About this task:
Extract the records below word for word and ignore the images.

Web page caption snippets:
>>>

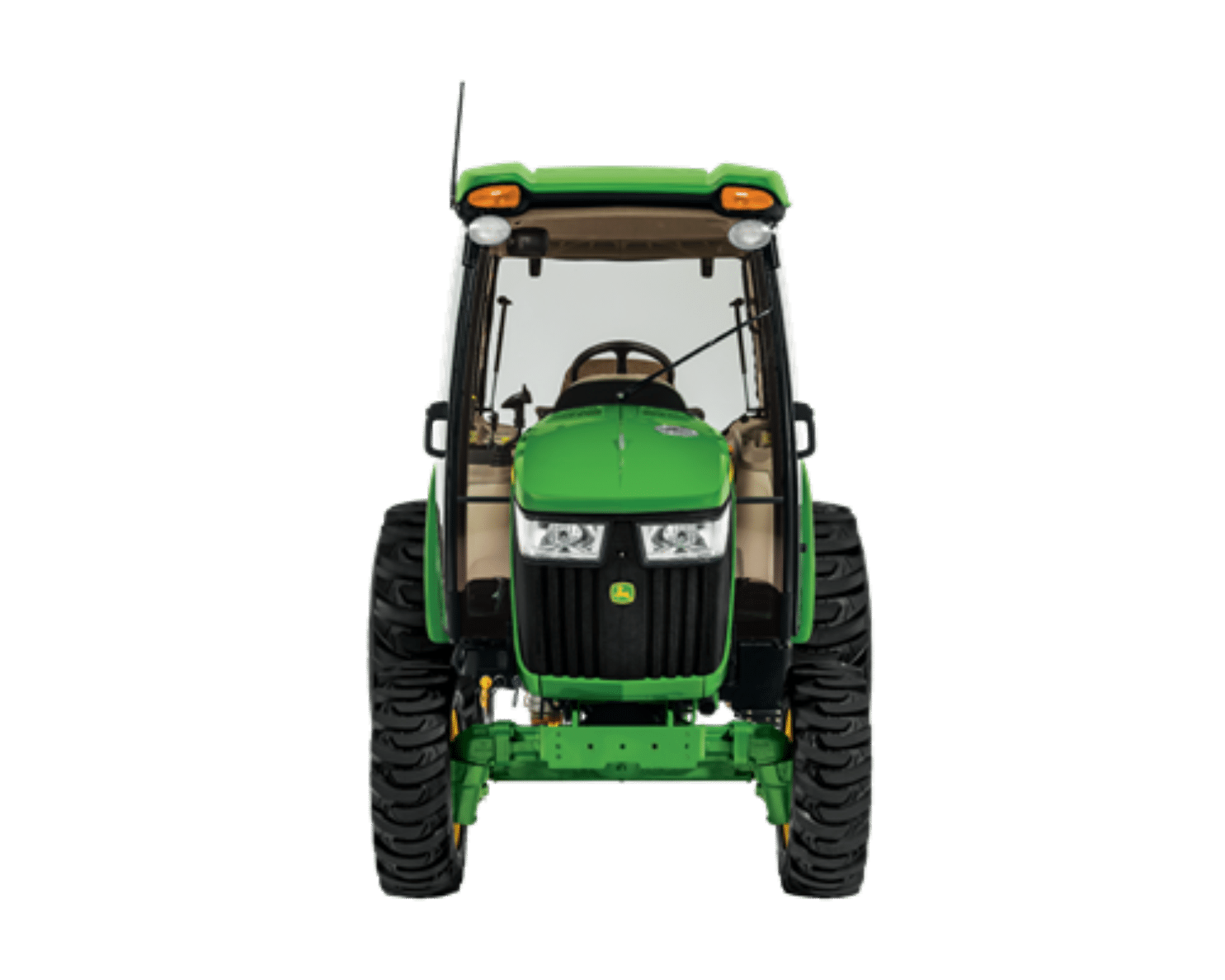 John Deere 3033R with Cab Minnesota Equipment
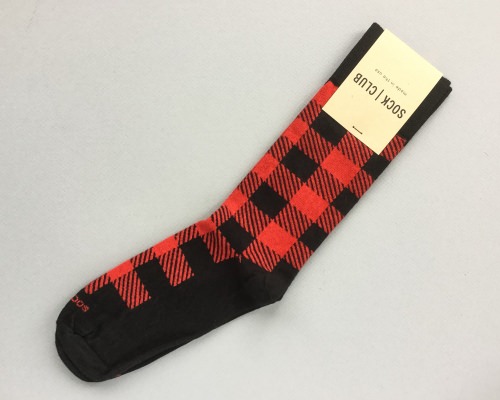 Sock Club Review + Get a FREE Month – November 2016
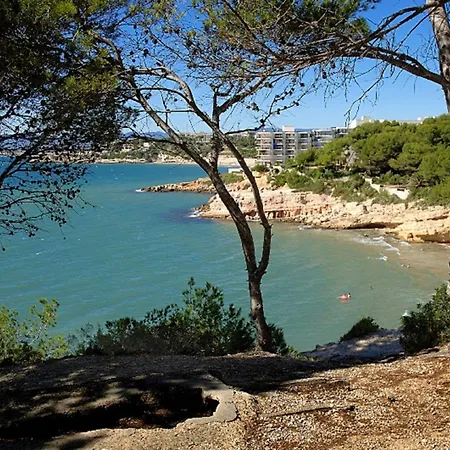 Hébergement de vacances Cumbre Salou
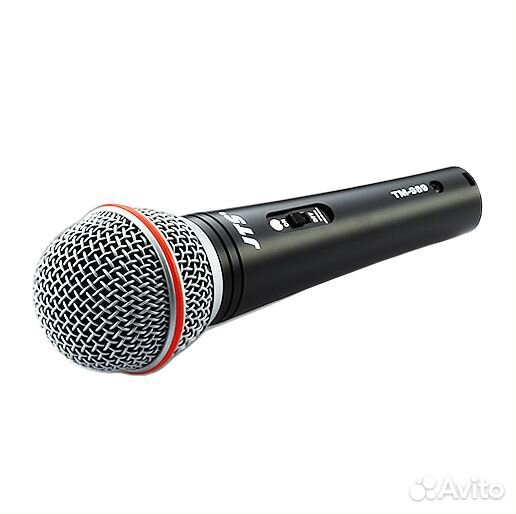Микрофон JTS TM-989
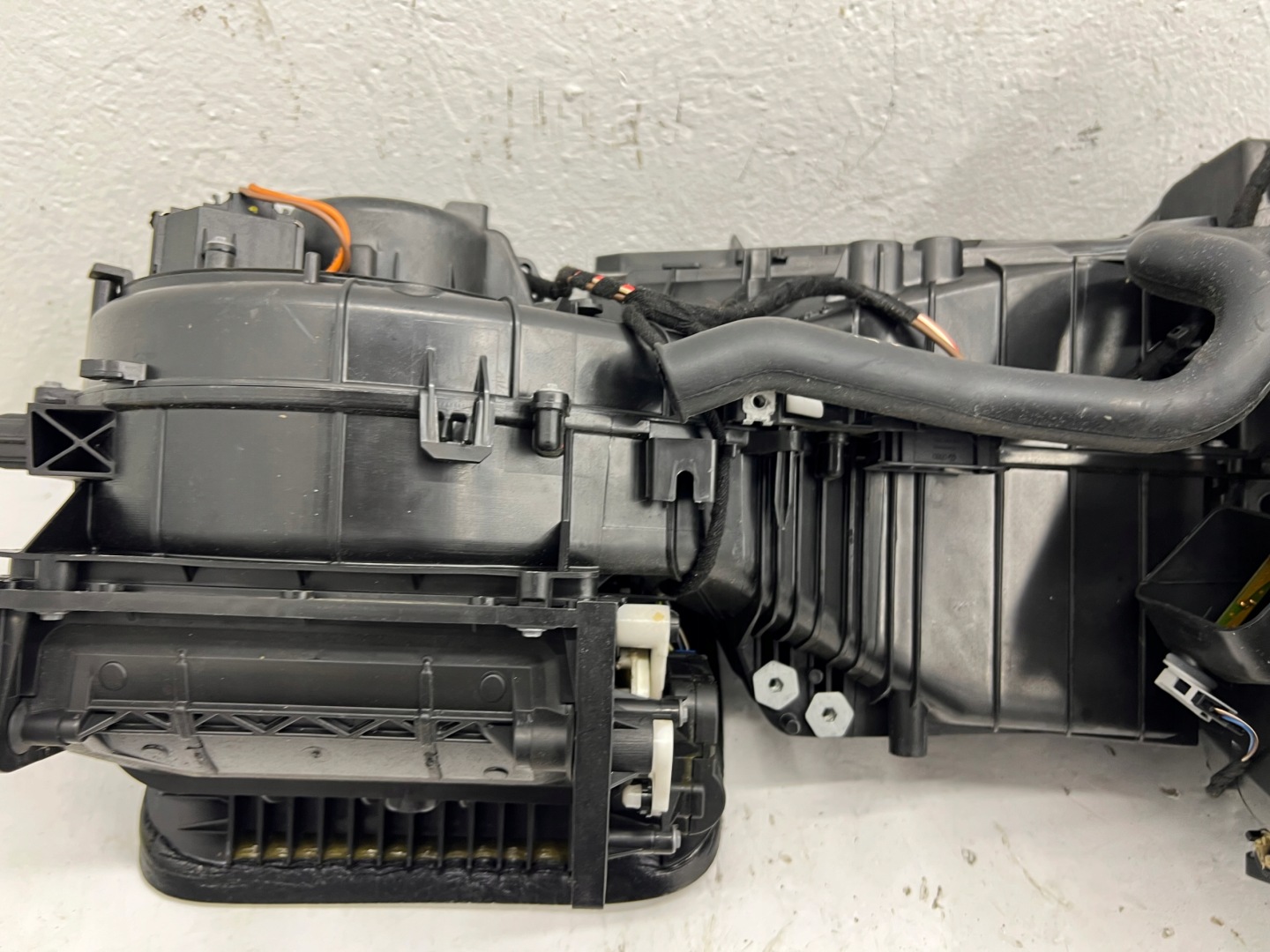 heater heating VW PASSAT B6 B7 CC EUROPA 3C1820003ES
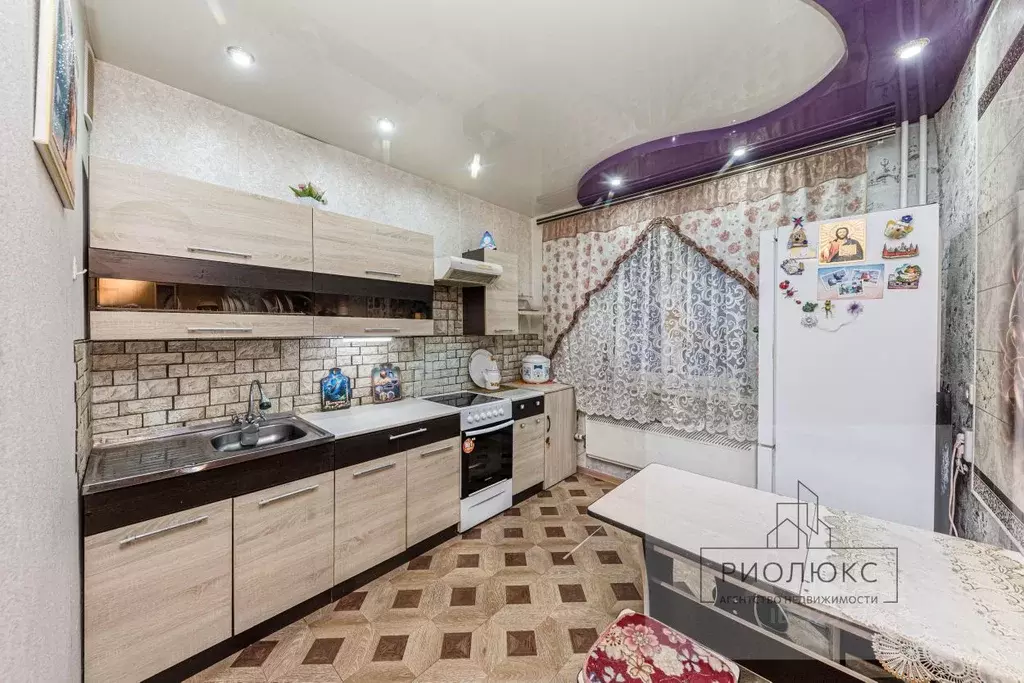 2-к кв. Челябинская область, Сосновский муниципальный округ, Поселок ... - Фото 1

<<<

Written reply:
 John Deere 3033R with Cab Minnesota Equipment
 Sock Club Review + Get a FREE Month – November 2016
 Hébergement de vacances Cumbre Salou
Микрофон JTS TM-989
 heater heating VW PASSAT B6 B7 CC EUROPA 3C1820003ES
 2-к кв. Челябинская область, Сосновский муниципальный округ, Поселок ... - Фото 1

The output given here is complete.